■ Work to complete:
Taking the entries below, transcribe only the lines starting with the one with "Thumbnail Image 1" and going on through the one with "Unique Style Ceiling", exactly as written, without the pictures.

■ Supplied data:
○ ○ ○ ○ ○ ○ ○
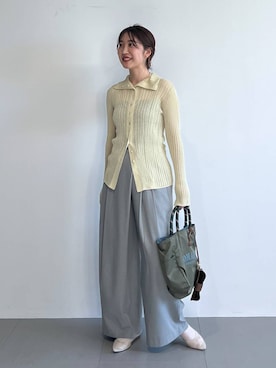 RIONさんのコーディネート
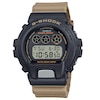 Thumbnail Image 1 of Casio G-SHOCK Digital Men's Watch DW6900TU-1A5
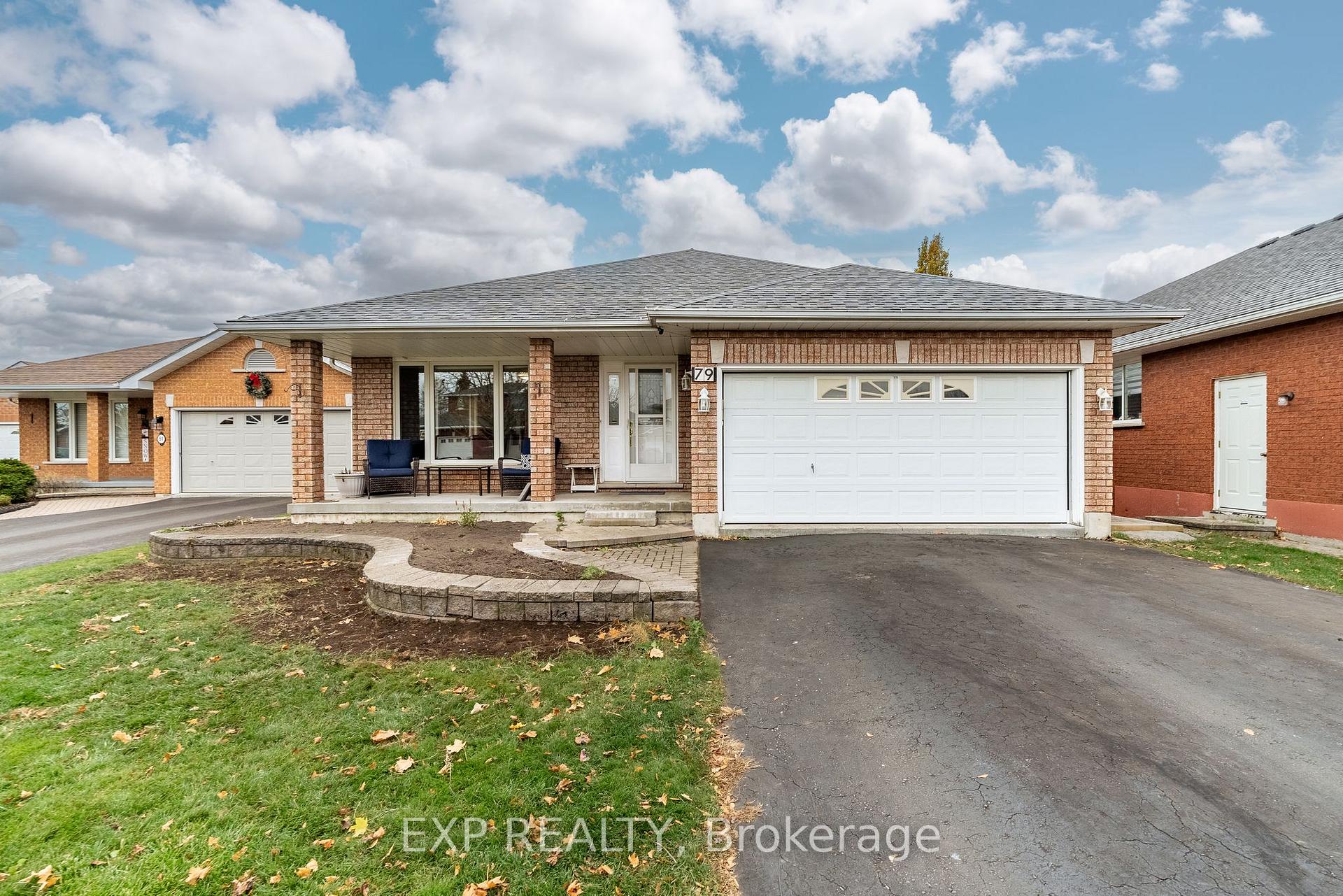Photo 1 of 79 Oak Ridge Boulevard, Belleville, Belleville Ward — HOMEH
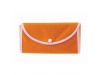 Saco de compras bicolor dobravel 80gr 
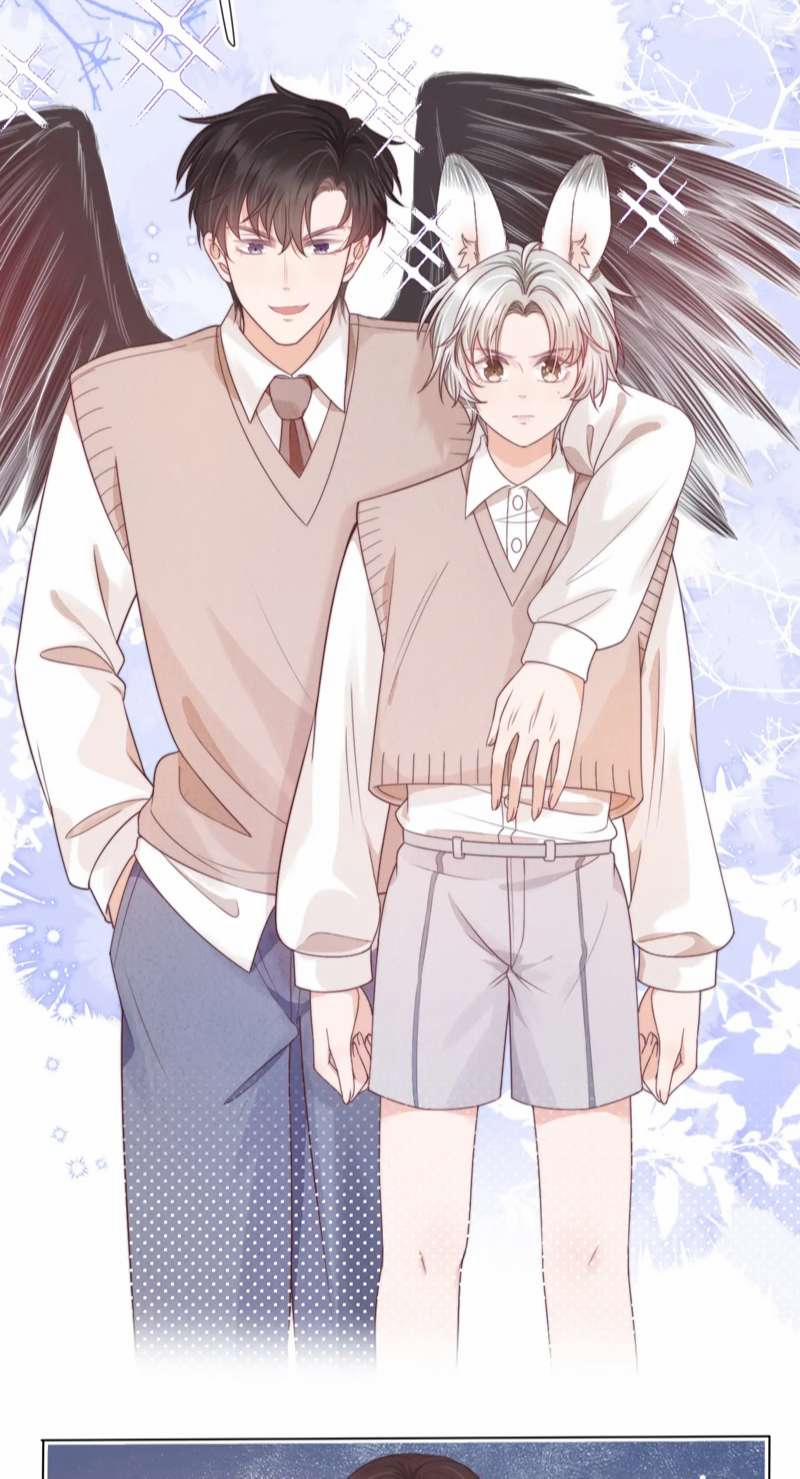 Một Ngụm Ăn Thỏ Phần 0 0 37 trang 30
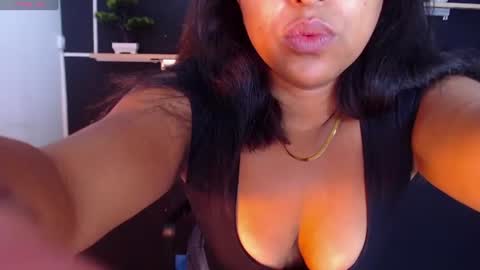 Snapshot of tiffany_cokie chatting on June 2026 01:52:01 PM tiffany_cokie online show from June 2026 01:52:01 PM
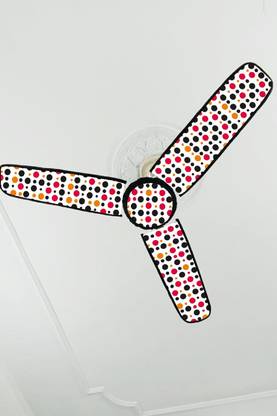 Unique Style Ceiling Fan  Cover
○ ○ ○ ○ ○ ○ ○
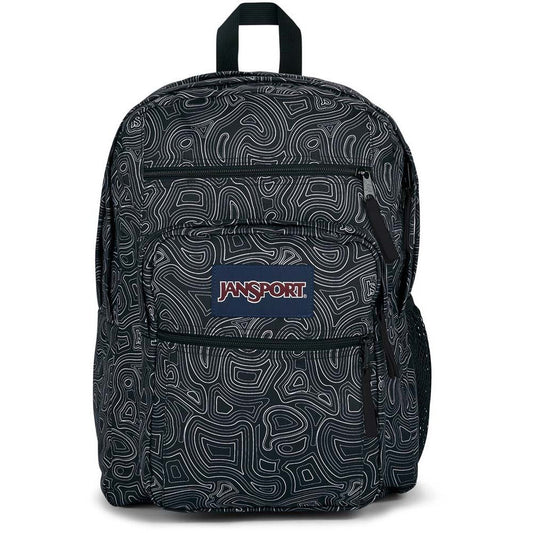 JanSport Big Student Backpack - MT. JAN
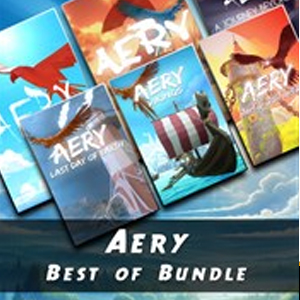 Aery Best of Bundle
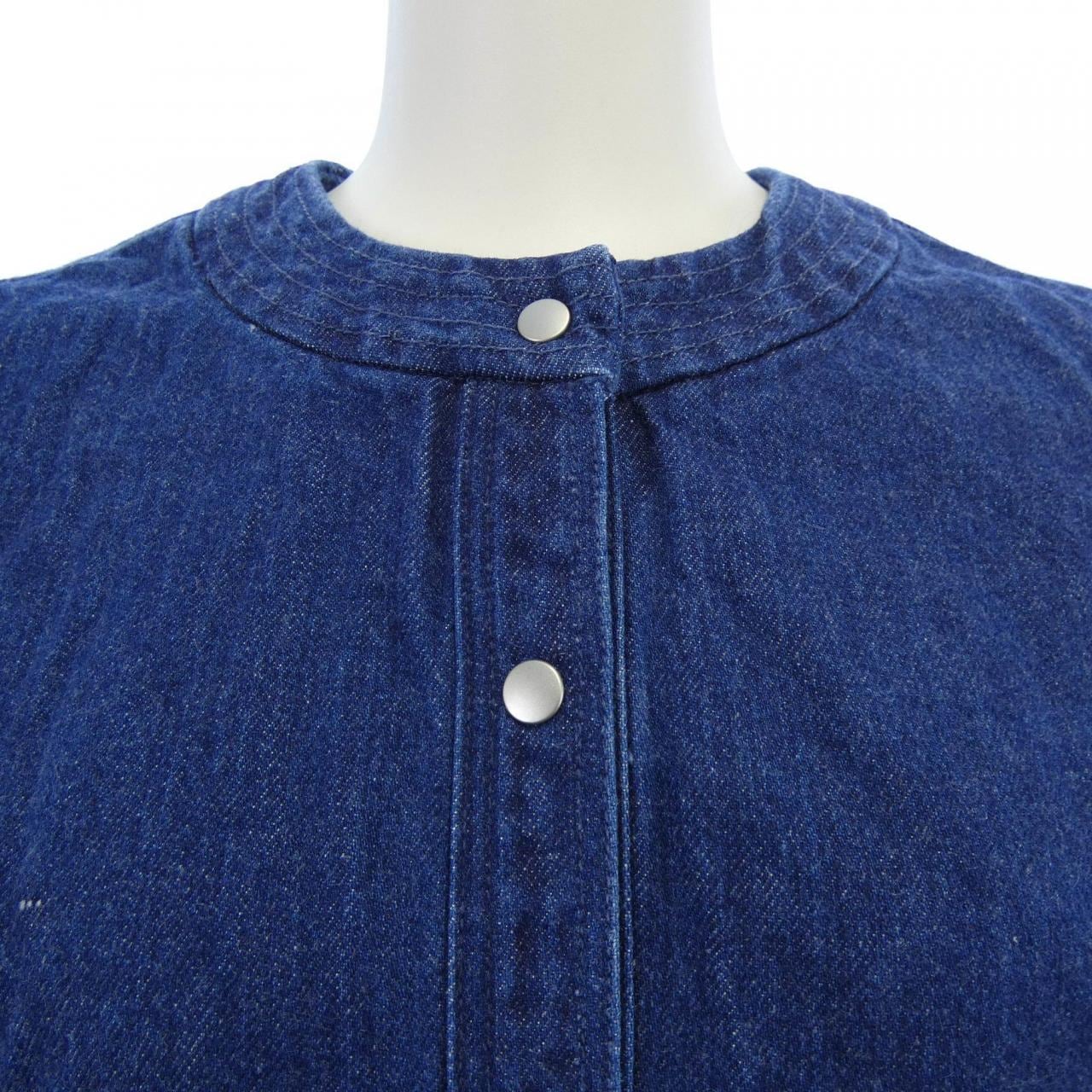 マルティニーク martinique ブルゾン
○ ○ ○ ○ ○ ○ ○
■ Response area:
 Thumbnail Image 1 of Casio G-SHOCK Digital Men's Watch DW6900TU-1A5
Photo 1 of 79 Oak Ridge Boulevard, Belleville, Belleville Ward — HOMEH
 Saco de compras bicolor dobravel 80gr 
 Một Ngụm Ăn Thỏ Phần 0 0 37 trang 30
 Snapshot of tiffany_cokie chatting on June 2026 01:52:01 PM tiffany_cokie online show from June 2026 01:52:01 PM
 Unique Style Ceiling Fan  Cover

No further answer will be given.